This system provides a robust framework for extracting, processing, and querying information from various text sources, including PDFs and web articles. Users can create custom "Spaces" to manage and query content efficiently. The platform ensures flexibility, ease of use, and is entirely free for local setup.
- 🗂️ Spaces for Organization: Users can create multiple spaces to categorize and manage text data.
- 📑 PDF and URL Support: Upload multiple PDFs and paste article URLs to extract and process content.
- ⚙️ Text Processing: Extract content, split it into chunks, and generate embeddings for semantic understanding.
- 🔍 Custom Querying: Query the processed content within any selected space using advanced embeddings.
- 💸 Free to Use: Completely free and easy to set up locally.
- 🔑 Customizable API Key: Users can input and update their Google AI Studio API key as needed.

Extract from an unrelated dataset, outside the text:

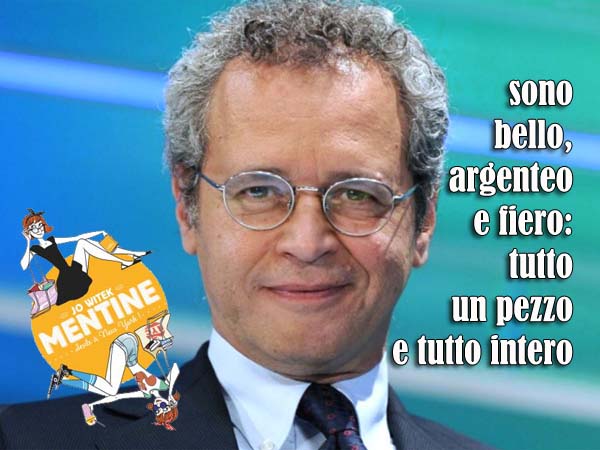 libertà di stampa. SÌ, MA QUANTI FARISEI ANDREBBERO LAPIDATI FRA I GIORNALISTI ITALIANI CHE SI SCALMANANO PER L’ART. 21!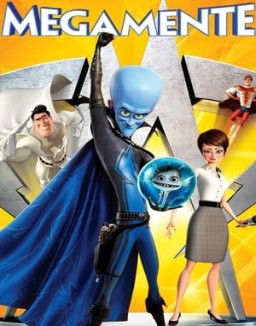 Megamind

- 🖥️ User-Friendly Integration: A simple and intuitive system for text processing and querying.
- Clone the repository:
git clone https://github.com/HarshVz/QuerySpace.git cd QuerySpace/Backend
- Install dependencies:
pip install -r requirements.txt
- Run the backend server:
uvicorn main:app --reload
- Navigate to the frontend directory:
cd QuerySpace/Frontend
- Install dependencies:
npm install
- Run the frontend development server:
npm run dev
- Creating a Space: Users create a space to organize their text data.
- Uploading Data: Within the space, users can upload PDFs and paste URLs for processing.
- Processing Content:
- 📂 PDFs and URLs are processed to extract content.
- 🧩 Extracted content is combined, split into smaller chunks, and embeddings are generated.
- Querying the Space:
- 🔎 Users can query processed content by selecting the relevant space.
- 🧠 Queries are powered by semantic embeddings for precise results.
- 💬 A response is generated using the extracted data and provided context.
- Manage Spaces: Users can view all created spaces and manage them efficiently.
- Backend: Python, FastAPI, PyPDF, BeautifulSoup, Langchain, Transformers (Hugging Face), Gemini
- Frontend: React, Tailwind CSS, Markdown
Contributions are welcome! Please open an issue or pull request for suggestions or bug fixes.